Image recognition refers to technologies that identify places, logos, people, object, buildings and several other variables in digital images. Recognition may be very simple for human but not for a computer. [13]
CNN refer to Convolutional Neural Network is a Deep Learning Algorithm that can take in an input image, assign importance (learnable weights and biases) to various aspects/objects in the image and be able to differentiate one from the other. In CNN, the pre-processing required is much lower as matched to other classification algorithms. [14]
Figure 3.6: CNN Algorithm
22 3.6.1 Convolution Layer — The Kernel [14]
The convolutional layer or the Kernel is a fundamental building block of CNN.

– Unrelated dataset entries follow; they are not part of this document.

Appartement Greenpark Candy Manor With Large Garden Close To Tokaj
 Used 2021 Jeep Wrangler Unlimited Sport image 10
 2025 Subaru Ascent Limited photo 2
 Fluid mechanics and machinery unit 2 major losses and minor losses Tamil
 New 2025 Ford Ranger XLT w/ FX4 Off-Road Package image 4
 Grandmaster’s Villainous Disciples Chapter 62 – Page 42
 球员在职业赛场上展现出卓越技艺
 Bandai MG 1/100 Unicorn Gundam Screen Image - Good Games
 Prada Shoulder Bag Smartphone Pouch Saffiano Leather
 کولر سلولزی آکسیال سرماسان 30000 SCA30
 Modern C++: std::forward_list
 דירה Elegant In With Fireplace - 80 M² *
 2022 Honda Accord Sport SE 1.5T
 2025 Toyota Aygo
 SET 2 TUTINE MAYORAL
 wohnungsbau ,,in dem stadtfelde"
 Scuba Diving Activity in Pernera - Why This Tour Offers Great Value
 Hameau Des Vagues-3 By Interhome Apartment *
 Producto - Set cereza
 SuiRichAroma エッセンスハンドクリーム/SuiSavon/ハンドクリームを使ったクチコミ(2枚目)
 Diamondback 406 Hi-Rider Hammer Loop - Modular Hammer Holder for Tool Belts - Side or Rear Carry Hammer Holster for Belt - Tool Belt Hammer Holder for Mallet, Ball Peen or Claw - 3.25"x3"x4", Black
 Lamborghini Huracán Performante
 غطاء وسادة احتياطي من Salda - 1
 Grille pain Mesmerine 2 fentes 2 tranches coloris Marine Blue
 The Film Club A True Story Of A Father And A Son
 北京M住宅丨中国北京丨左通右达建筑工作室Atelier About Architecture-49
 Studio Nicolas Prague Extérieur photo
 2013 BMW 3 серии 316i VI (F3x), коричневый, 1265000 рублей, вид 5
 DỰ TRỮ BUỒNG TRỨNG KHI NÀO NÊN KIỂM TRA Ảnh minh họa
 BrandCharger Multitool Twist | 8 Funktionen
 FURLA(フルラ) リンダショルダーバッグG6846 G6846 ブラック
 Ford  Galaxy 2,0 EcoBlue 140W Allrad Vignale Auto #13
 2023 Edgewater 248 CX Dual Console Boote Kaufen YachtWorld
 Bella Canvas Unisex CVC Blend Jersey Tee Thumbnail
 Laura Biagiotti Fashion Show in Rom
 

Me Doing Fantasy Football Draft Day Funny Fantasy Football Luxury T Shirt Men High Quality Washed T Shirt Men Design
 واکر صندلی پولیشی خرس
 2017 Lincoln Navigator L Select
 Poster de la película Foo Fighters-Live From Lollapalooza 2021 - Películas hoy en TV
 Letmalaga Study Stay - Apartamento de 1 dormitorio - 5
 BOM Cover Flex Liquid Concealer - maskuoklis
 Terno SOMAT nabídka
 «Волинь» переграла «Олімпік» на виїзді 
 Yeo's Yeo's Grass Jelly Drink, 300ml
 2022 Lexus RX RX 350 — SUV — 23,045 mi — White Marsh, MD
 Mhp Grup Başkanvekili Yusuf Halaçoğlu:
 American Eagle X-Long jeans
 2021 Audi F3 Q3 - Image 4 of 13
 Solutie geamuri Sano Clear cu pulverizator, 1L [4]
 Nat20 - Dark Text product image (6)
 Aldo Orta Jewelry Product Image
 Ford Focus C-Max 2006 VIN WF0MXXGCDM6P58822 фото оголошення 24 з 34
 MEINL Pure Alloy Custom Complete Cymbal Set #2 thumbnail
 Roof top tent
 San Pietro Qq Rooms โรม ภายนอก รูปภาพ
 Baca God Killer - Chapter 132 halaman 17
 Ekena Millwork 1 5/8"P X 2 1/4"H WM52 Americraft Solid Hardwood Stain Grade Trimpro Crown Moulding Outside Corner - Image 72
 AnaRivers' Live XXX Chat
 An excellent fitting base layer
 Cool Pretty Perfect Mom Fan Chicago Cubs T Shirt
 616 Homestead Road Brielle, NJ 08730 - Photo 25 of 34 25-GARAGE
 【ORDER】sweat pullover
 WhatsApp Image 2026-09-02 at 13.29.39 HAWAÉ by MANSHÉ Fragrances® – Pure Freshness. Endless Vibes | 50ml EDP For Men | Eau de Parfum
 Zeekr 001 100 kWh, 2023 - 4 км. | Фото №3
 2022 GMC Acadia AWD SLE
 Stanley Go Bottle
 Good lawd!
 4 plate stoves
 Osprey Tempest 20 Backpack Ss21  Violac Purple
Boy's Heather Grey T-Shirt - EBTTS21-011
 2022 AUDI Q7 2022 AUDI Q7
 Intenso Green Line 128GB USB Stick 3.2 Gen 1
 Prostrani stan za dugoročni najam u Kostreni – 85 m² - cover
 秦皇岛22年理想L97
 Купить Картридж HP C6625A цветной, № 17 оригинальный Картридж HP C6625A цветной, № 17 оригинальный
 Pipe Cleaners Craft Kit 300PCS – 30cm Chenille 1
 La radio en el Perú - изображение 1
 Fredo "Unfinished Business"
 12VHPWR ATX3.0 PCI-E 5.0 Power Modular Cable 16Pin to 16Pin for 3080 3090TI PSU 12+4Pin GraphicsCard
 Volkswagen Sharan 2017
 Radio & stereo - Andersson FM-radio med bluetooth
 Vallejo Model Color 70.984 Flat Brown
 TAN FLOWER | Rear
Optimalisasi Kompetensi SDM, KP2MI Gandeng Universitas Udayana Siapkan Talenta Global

This is where the majority of the computational heavy lifting occur. Using filters or kernels, the data or image is convolved. Filters are small units that we apply through a sliding window across the data. The depth of the image is the similar as the input, but a filter of depth 4 can also be applied to a colour image with an RGB depth value of 4. For any sliding action, this approach involves taking the element-wise product of filters in the picture and then summing those particular values. A 2d matrix will be the output of a convolution having a 3d filter with colour.
Figure 3.7: Convolutional Layer
Each output value in the feature map does not have to be related to each pixel value in the input image, as you can see in the picture above. It only needs to bind to the area of reception where the filter is being applied. Convolutional (and pooling) layers are generally referred to as "partially connected" layers or described as local connectivity since the output array does not need to map directly to of input value.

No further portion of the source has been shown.